The Little Red Fort by Brenda Maier, illustrated by Sonia Sánchez
The Little Red Fort
Purchased at a Scholastic Book Fair
I love, love, love the story of The Little Red Hen. Probably because I have a very deep rooted sense of justice and I love to see the selfish farm animals salivating as the Little Red Hen refuses to share her fresh baked bread with them. However, when reading this book out loud to kids (it's part of kindergarten curriculum at my school), this message feels pretty harsh - especially because character education (Excellence, Perseverance, Integrity, Compassion) are a big part of our school culture. As much as I love The Little Red Hen, it leaves a little rattled and unsatisfied at the end. Which is why I LOVE LOVE LOVE The Little Red Fort by Brenda Maier! And, making it even better, Maier's characters are Latinx. My students are almost 90% Latinx and it is always a HUGE treat when I can read them a book where the characters have names like Rodrigo, Oscar, and José because they get SO excited when kids in books have their names. And, of course, I love a book where a girl gets it done.

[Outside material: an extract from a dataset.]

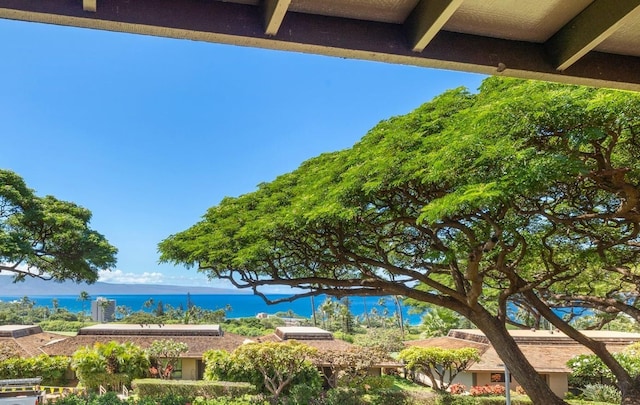 150 Puukolii Rd Unit 18, Lahaina, HI 96761 - water view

Ruby decides to build a fort and, every step of the way, asks her brothers for help. Met with disdain and indifference, Ruby gets help with sawing, hammering and more from her mother and her abuela. Echoing the original story, Maier has a catchy refrain that the brothers repeat every time Ruby asks for help, "'Not me,' said Oscar Lee. 'I don't think so,' said Rodrigo. 'No way," said José. 'I'm too busy.'"
Maier finds a way to end her story that is satisfying and organic to the plot. When Ruby finishes her fort and tells her brothers that they can't play in it, they try to keep up their indifference. In the end, they each do or make something that adds to the fort, painting, making a mailbox and planters. And, together, the whole family enjoys chocolate cookies in the little red fort!
Sánchez's illustrations are filled with texture, pattern, detail and playfulness. And emotion! Seemingly, with only a few lines, Ruby experiences a range of feelings over the course of the story, from intense thought to frustration to elation.